Hyperbole is going to kill us all

The moral of the story: Nobody with any brains ever said the free market should be free of moral judgment

Segment 5: (11 min)

By the numbers

Farewell, Opportunity rover!

Guest: Emilee Richardson, Science Center of Iowa Director of Marketing and PR (will call us)

Questions

Segment 6: (8 min)

Your role in cyberwar

The site thispersondoesnotexist.com produces utterly convincing fake photo-realistic images of human faces.

Go to this page. Get familiar with the idea that computers can and will completely fool you. They can already do it with still images. They'll do it next with video.

And just as fast as we went from flip phones to smartphones, we'll go from this technology requiring special access to being the kind of thing you can do as easily as a Snapchat lens.

The moral of the story: Don't just believe your eyes. Trust, but verify.

Segment 7: (14 min)

Mind your business

Amazon has announced it isn't going to build one of its "HQ2" facilities in New York City anymore. I'm not saying that I totally called it, but I am saying Amazon's decision to ditch NYC is consistent with my analysis from February 9th. Don't be surprised if this is used as leverage to squeeze something more out of Virginia.

If you really want to get nerdy about it, this is what happens when you have monopsony in economic-development incentives at high scale. Amazon is one of the only firms big enough to squeeze cities for the kinds of incentives it ended up being offered. When you're that big as a "buyer", it has many of the same effects as when you have a monopoly as a seller. We're told Amazon isn't looking for another location, but don't be surprised if this is used as leverage to squeeze something more out of Virginia, where they're locating the other "HQ2".

It's dangerous for the national economy (or any local economy) to be so beholden to big companies demanding incentives that we think big is always "best". We're in a strange spot right now: There's mounting evidence that unless your community has an agglomeration economy, where the types of people who cluster there end up creating competitive advantages for the community at large, then it may be dangerously likely to stagnate in the future. And it's hard to become an agglomeration economy without scaling up and having something like a research university as a hub of activity. (For more on this, go back to our interview last year with Ryan Avent about his book "The Wealth of Humans".)

That's a serious issue for Central Iowa to consider -- is ISU close enough to the Des Moines economy for the entire metro to get the juice it needs?
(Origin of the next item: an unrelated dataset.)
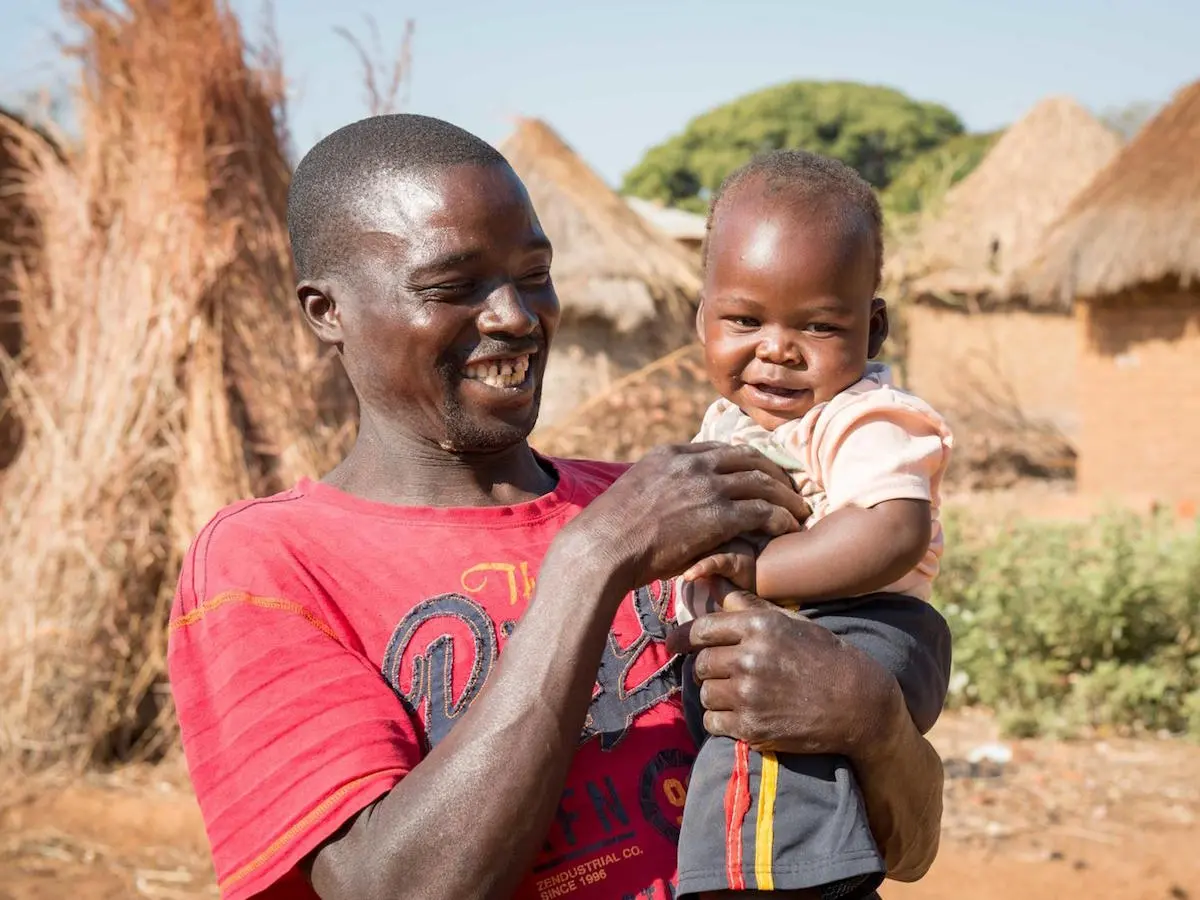 One-year-old baby Moses and father Ponsilio Phiri playing in Zambia in 2020. Baby Moses is enrolled in the LEGO Playful Parenting program implemented by UNICEF. One-year-old baby Moses and father Ponsilio Phiri playing in Zambia in 2020. Baby Moses is enrolled in the LEGO Playful Parenting program implemented by UNICEF.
Are we so dependent upon financial services that our fortunes are more in the hands of the unfeeling national economy than the destiny of our own choices?

The moral of the story: These are debates we ought to be having out loud if we want our hometown to remain a great place to live for decades to come.

Segment 8: (5 min)

Stop the deliberate ignorance

Every partisan thinks they're giving unlimited powers to their own George Washington or Jed Bartlet (Martin Sheen in "The West Wing") or James Marshall (Harrison Ford in "Air Force One"). Nobody appreciates that it's the same thing as giving those powers to a drunk Richard Nixon or a JFK on pain pills or an FDR who's running off to see his mistress.

Madison would be astonished to see his Constitutional order undermined by timidity. We're supposed to hold the system together through tension among and between the branches of government -- not by meekness and fealty.

Opposing this feckless drift into an executive-driven order is no more and no less about opposing President Trump's specific border-wall issue than it is about opposing President Obama's affinity for executive orders. Or a future President Elizabeth Warren's nationalization of any business too big for her tastes. Or a President Cory Booker imposing mandatory veganism. Or a President Alexandria Ocasio-Cortez declaring a national emergency to redirect military funds to building solar panels because of climate change.

This is a political land-grab of dangerous proportions. Not to mention, quite literally a real-estate land-grab, too.

The moral of the story: Love the border wall or hate it, it doesn't matter. If the President gets to subvert the express will of Congress because it's politically expedient for him, then we lack the very "rule of law" that he so often (mis-)uses as a hammer with which to beat migrants. Our whole system of law depends on precedent, and if he gets away with this precedent, he's paving the way eventually for something you'll hate.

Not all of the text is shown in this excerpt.